Meituan's LongCat Video Avatar 1.5 generates expressive talking heads
Open-source model from Meituan boasts 30% better emotion fidelity and 720p output.
Chinese tech giant Meituan has open-sourced LongCat Video Avatar 1.5, the latest iteration of their talking head generation model. Available on Hugging Face, the model uses a novel cross-modal attention mechanism to sync lip movements with input audio while preserving natural head poses and micro-expressions. Key upgrades include a 30% improvement in emotion fidelity, support for 720p output at 30 FPS, and reduced inference time — now generating a 10-second clip in under 8 seconds on a single A100 GPU.
The model accepts a single reference image and audio track, then produces a video with realistic blinking, eyebrow raises, and subtle mouth shapes. Meituan also released a Gradio demo and inference scripts, making it accessible for developers to integrate into live chat, e-learning, or avatar-based customer service.
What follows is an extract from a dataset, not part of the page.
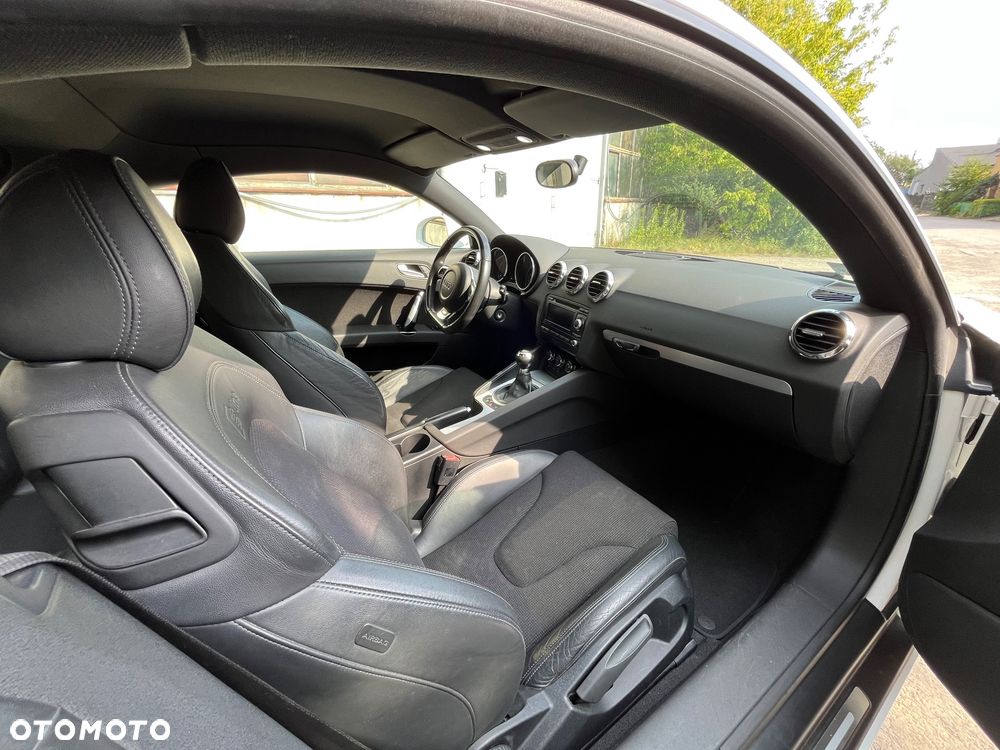 Audi TT Coupé - 13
The release signals a push toward democratizing high-quality avatar generation, competing with proprietary systems like HeyGen and D-ID while remaining fully open-source under a permissive license.
- Open-source release on Hugging Face with permissive license — no API key required.
- 30% better emotion fidelity than v1.0, supporting happiness, sadness, surprise, and neutral states.
- Runs in under 8 seconds for a 10-second 720p clip on a single A100 GPU.
Why It Matters
Professional talking head avatars are now free and fast, enabling startups to build lifelike AI presenters without cloud costs.